WHAT YOU NEED TO DO: Scan the lines below; pull out those with "Black".

INFORMATION PROVIDED Start Marker

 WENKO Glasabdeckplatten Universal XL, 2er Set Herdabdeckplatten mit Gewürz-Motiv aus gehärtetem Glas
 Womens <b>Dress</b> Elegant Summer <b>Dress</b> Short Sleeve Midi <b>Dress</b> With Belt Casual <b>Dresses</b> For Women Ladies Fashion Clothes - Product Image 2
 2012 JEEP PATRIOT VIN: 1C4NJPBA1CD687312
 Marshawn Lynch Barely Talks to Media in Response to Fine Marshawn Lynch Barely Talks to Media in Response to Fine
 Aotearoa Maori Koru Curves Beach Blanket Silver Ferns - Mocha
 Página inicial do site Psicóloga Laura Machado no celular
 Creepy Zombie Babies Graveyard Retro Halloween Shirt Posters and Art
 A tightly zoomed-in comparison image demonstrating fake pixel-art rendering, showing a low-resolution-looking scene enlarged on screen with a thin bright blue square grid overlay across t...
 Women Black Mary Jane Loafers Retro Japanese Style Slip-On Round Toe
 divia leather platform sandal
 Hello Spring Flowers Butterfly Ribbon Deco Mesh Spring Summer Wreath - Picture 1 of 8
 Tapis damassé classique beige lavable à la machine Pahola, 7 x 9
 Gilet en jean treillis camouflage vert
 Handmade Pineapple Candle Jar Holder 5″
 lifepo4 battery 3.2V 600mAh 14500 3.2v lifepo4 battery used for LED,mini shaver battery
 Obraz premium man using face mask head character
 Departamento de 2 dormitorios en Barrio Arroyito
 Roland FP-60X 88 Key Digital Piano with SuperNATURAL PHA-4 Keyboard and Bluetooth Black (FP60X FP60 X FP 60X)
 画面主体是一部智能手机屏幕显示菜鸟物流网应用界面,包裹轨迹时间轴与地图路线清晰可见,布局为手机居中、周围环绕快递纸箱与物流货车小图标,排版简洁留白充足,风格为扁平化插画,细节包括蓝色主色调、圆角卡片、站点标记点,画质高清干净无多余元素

INFORMATION PROVIDED End Marker

RESULT OF THIS EXERCISE:
 Women Black Mary Jane Loafers Retro Japanese Style Slip-On Round Toe
 Roland FP-60X 88 Key Digital Piano with SuperNATURAL PHA-4 Keyboard and Bluetooth Black (FP60X FP60 X FP 60X)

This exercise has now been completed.